**TASK**
Restate word for word the part of the material that runs from the line containing "2013 Toyota Crown Hybrid" through its final line, inclusive, minus the pictures.

**EXERCISE DATA**

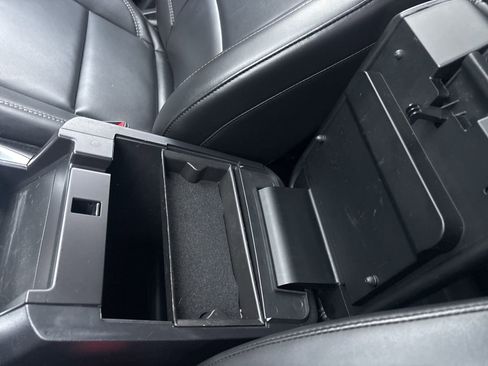 Used 2021 Ford Explorer XLT w/ Equipment Group 202A image 30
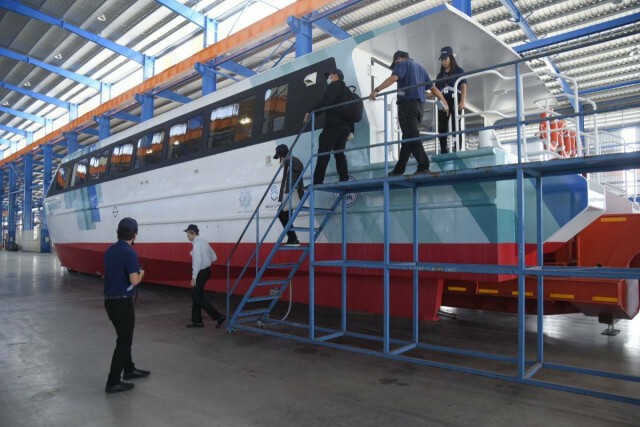 MEA เยี่ยมชมรถ E-bus เดินหน้าความร่วมมือหนุน ขสมก. ดัดแปลงรถเมล์เก่าเป็นรถโดยสารไฟฟ้า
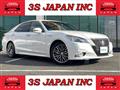 2013 Toyota Crown Hybrid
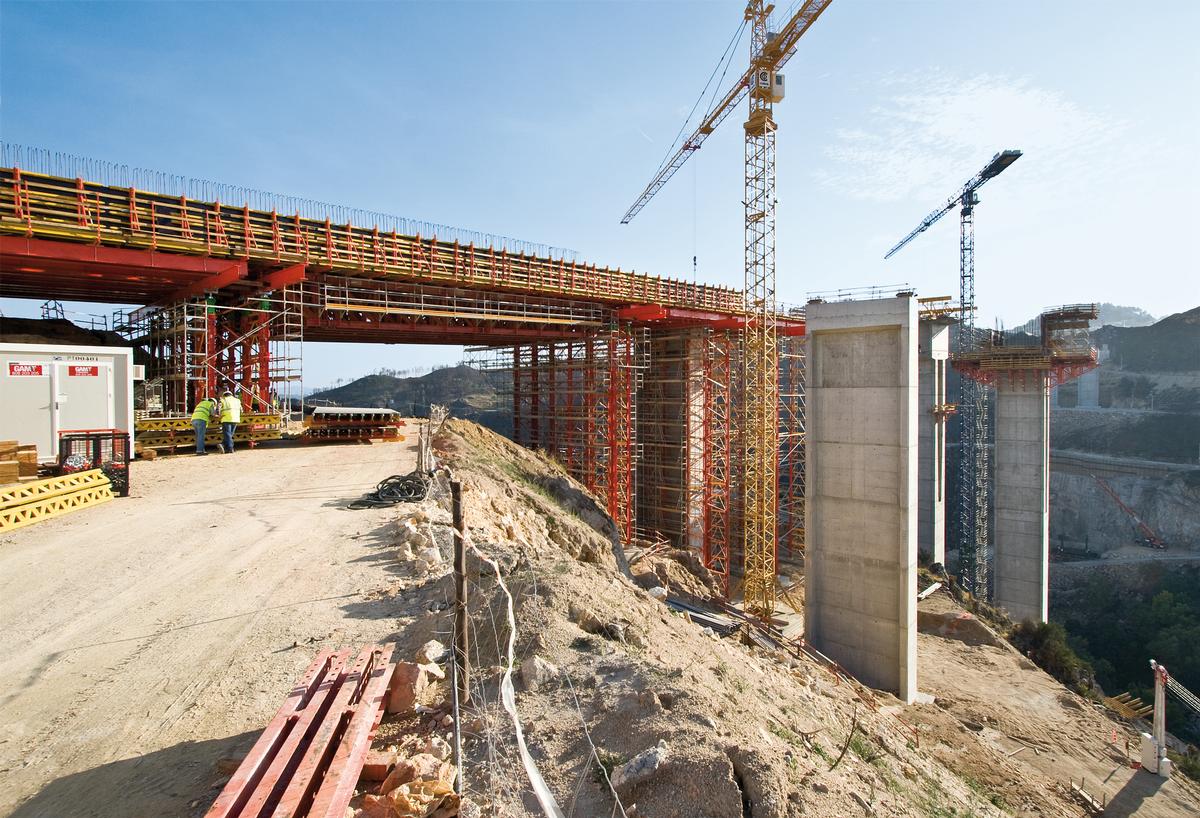 Mediendatei Nr. 209433 Portugal: Die Autobahnbrücke über den Rio Sordo bei Vila Real wird 412 m lang. Ein wichtiger Bestandteil der umfassenden PERI Schalungs- und Gerüstlösung ist das Lehrgerüst: bis zu 30 m hohe VARIOKIT Schwerlasttürme mit Tragfähigkeiten von jeweils 2.500 kN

**ANSWER SPACE**
 2013 Toyota Crown Hybrid
 Mediendatei Nr. 209433 Portugal: Die Autobahnbrücke über den Rio Sordo bei Vila Real wird 412 m lang. Ein wichtiger Bestandteil der umfassenden PERI Schalungs- und Gerüstlösung ist das Lehrgerüst: bis zu 30 m hohe VARIOKIT Schwerlasttürme mit Tragfähigkeiten von jeweils 2.500 kN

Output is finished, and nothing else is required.